I'm not planning on covering these San Francisco 49ers game by game. Last week's report on their season opening defeat to Chicago's Bearboys was meant to catch up on the off-season and set the storylines for the months ahead. Then we could leave them to iron their grids in peace until something interesting happens.
Here we are just one week later, because their season has taken such a Leedsy twist I can't help but go back to Santa Clara to bring you the 411. Also there's no Association Football being played, so we might as well take a look at ye olde bastard son of rugby.

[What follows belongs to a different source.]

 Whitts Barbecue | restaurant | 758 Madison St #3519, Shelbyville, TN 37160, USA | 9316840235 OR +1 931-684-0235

To recap what you need to know from last week, to make this week make sense: once upon a time the 49ers traded for a quarterback named Jimmy Garappolo. Quarterback is the most important person in an American Football team, because they shout the numbers at the other guys that tell them where to run, then dictate the five seconds of play until the ball either goes in the ending zone for some points or on the floor. Then they stride about looking important for five minutes until the two squads are ready to wrestle again. Since 2017 Jimmy has been great at the latter part, because he has a face so achingly beautiful that making him put a helmet on would be a crime against Aphrodite if it wasn't the only way to ensure he ends each game as crystal jawed and gorgeous as he starts it. The actual throwing the ball and winning Super Bowl parts hasn't gone so well, which is one reason why, before the 2021 season, the 49ers gave away the right to sign about a million good players just to make sure they got Trey Lance, a cool new quarterback nearly a decade younger than handsome Jim.

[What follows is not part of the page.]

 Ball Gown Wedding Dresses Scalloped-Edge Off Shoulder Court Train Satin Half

Since then the Niners have been glared at for having two good quarterbacks, partly through envy, partly through pity. And head coach Kyle Shanahan has tried to tiptoe diplomatically betwixt and between his two choices, while neither amounted to much. After a few tryouts last season, Lance was benched to watch and learn as Garappolo set about screwing the season up, while spectators demanded to know a) why the Levi's Stadium in Santa Clara is so far from San Francisco and points all its seats directly into the sun, and b) why exciting new Trey wasn't getting more ball, in place of doddering old Jim whose looks were no good to the fans while the Californian sun was cooking their eyeballs.
Then, improbably, Garappolo found his mojo, led the 49ers to their divisional championship, and would have got them to the Super Bowl if he hadn't, to summarise, screwed that up. It was a remarkable last stand, followed by Shanahan announcing "We have moved on to Trey" as the starting quarterback, giving him (in teammate Trent Williams' words) "the keys to the organisation", leaving Garappolo free to find somewhere else to throw ball.

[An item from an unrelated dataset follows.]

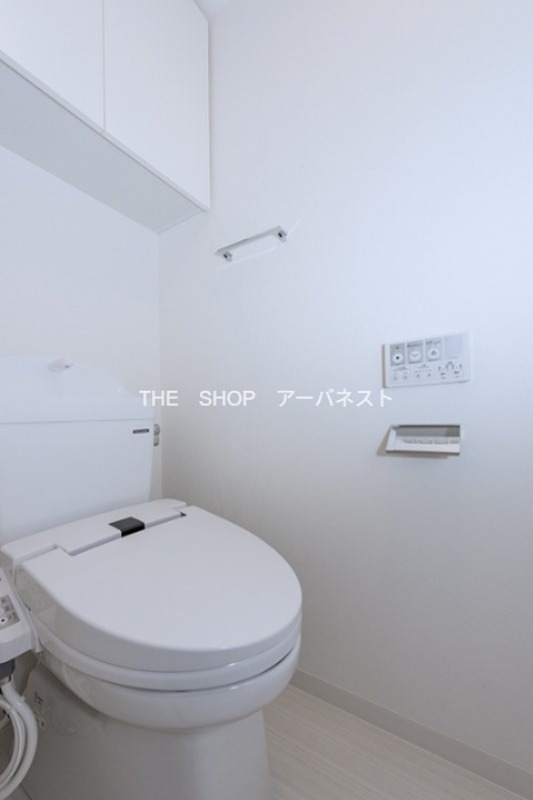 トイレ　ウォシュレット付きトイレ！リモコン付きで操作もしやすい！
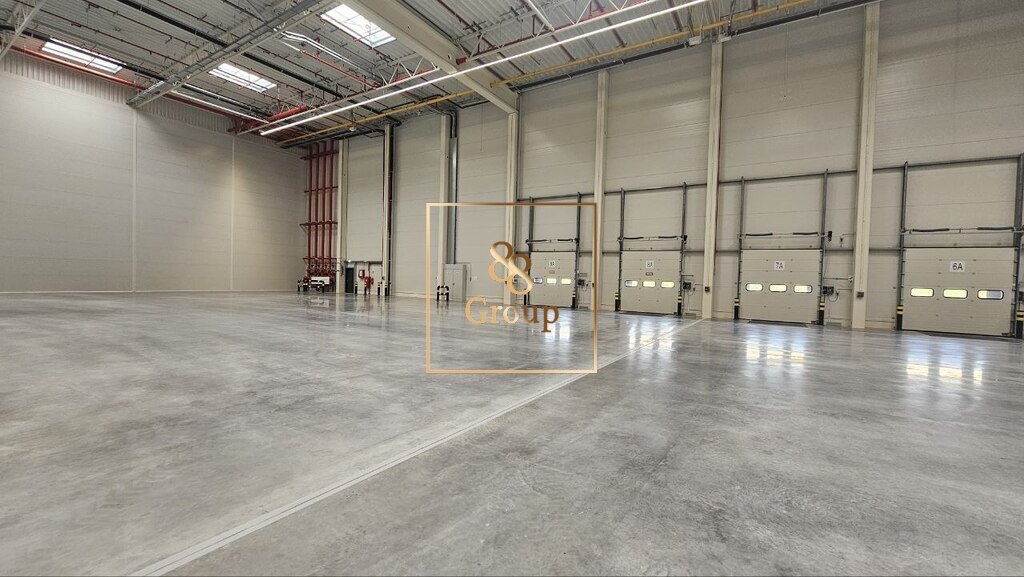 Magazyn 9 820 m² z biurem, dokami i tryskaczami. Janki  9 820m2 Foto 1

Then the twist that set this season up. Garappolo never went further than an adjacent practice field, and despite being left out of the pre-season in-crowd, he was handed a new 49ers contract just as the campaign was about to start. While every Niner tried to portray this as a sensible decision that is kind to everyone — Lance backed Garappolo last year, so this year they switch — everyone without a vested interest swore down this was a bizarre undermining of the new kid's authority, not helped when he made a bunch of mistakes in the Chicago rain, giving the rubbishy old Bears the win and setting gossip a go-go about Garappolo coming back already. The rest of the 49ers roster is a cool, experienced, ready-to-win bunch, and insiders spoke of grumbling that their best chance of winning the galactic title was going to hell thanks to their new child boss.